Local News

Town plan rule saves North Hartland Park

By Curt Peterson

Richard Thornburn, an experienced woodworker from Woodstock, recently approached the Hartland Select Board with a request to lease the long-vacant North Hartland School on Mill Street. He planned to use the facility for his custom cabinetry, renovation, remodeling and restoration business. 

In the wake of public reaction his plan was ultimately scuttled by land use rules in the Hartland Town Plan.

Local residents said the site, surrounded by residences and located on popular 3.48 acre Currier Recreational Park, with its tennis and basketball courts, baseball field and well-equipped playground, is unsuitable for a business operation. 

Speaking as a North Hartland resident, Stacey Bradley worried about Thornburn establishing boundaries to protect the children who frequent the park, and that efforts to protect his assets might diminish their ability to enjoy the park.

“The kids often use the slope from the building for sledding in winter,” she wrote in a listserv email.

Residents also felt two construction trailers, to be parked at the school when not located at worksites, might be an “attractive hazard.” 

Bradley warned the town might lose the school’s current tax-exempt status if it was leased as a rental income property. While the Select Board can exempt the building from municipal taxes, education taxes cannot be avoided.

Residents predicted Thornburn would be working on weekends and evenings, even though he said he would minimize any noise and keep to normal business hours most of the time.

She also cited the Town Plan designation of the park as “conserved land”, which precludes any commercial use. This was ultimately the key issue.

On Tuesday, April 10, Bradley posted a plea for North Hartland residents to let  Select Board members know their feelings about having a business operating on town-owned park land. It was that afternoon that Phil Hobbie, Select Board chair, announced negotiations with Thornburn had been terminated because of Town Plan protection.

Thornburn had been looking for a new location for his shop, as his current facility is for sale. His brother Chuck, a North Hartland resident, had suggested the empty school. 

“My first reaction was, ‘Good news for the town’,” Hobbie told the Mountain Times. “We have (an unused), heated building with no (Americans with Disabilities Act) access.” He saw Thornburn’s proposal as a way to use an idle asset and defray some expenses for taxpayers. The town keeps the vacant school maintained, heated and electrified.

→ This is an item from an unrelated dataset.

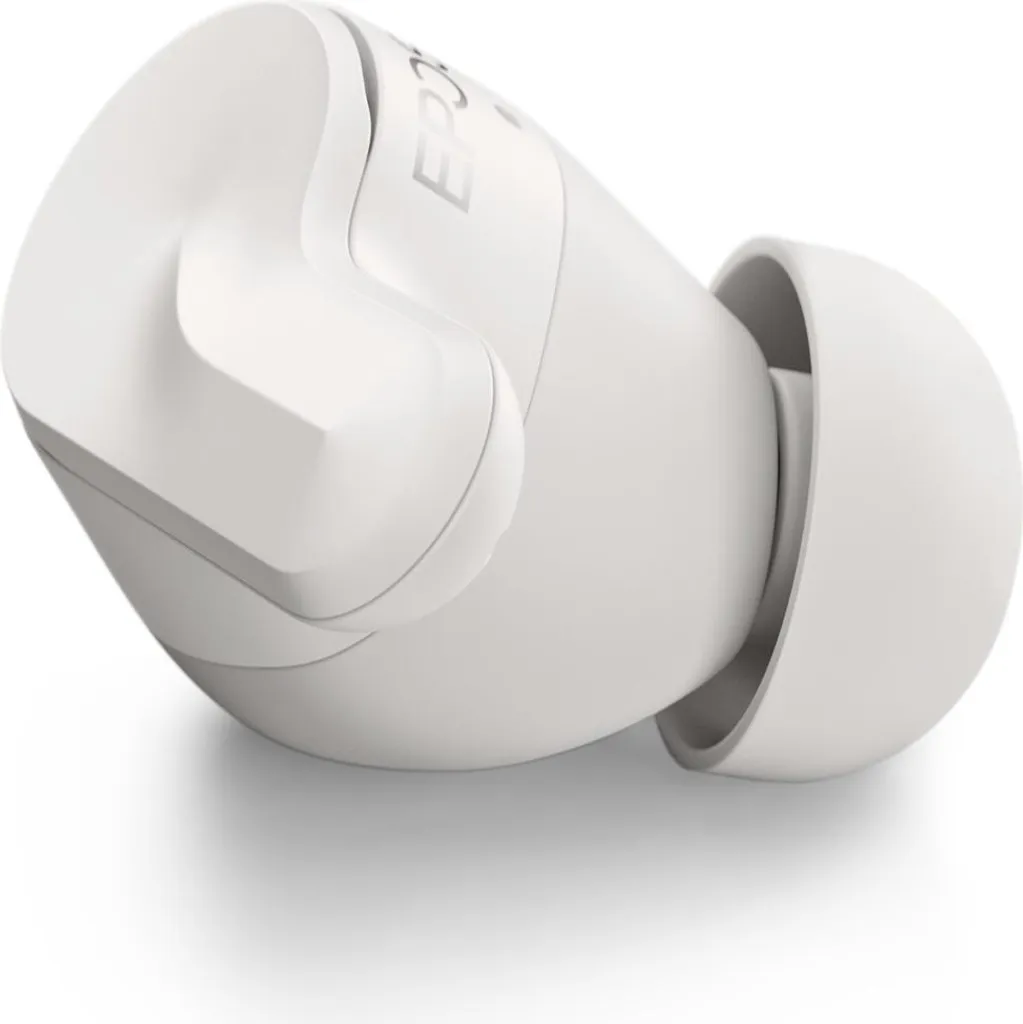 EPOS ADAPT E1 1001261 Écouteurs Bluetooth Multi-Connect avec Dongle USB-C - 22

Thornburn had offered to pay for renovations, including installing 200 AMP electrical service, driveway upgrading, installing a rear double French door for bringing materials inside, installing exhaust fans and a dust collection system, and surveillance cameras and alarms to protect his equipment and unfinished projects.

He would also assume plowing, mowing, providing insurance protection for the town, heat, electricity expenses. 

Asked about hazardous materials used in his work, Thornburn said he would only have a small amount of epoxy and oil paint on the premises.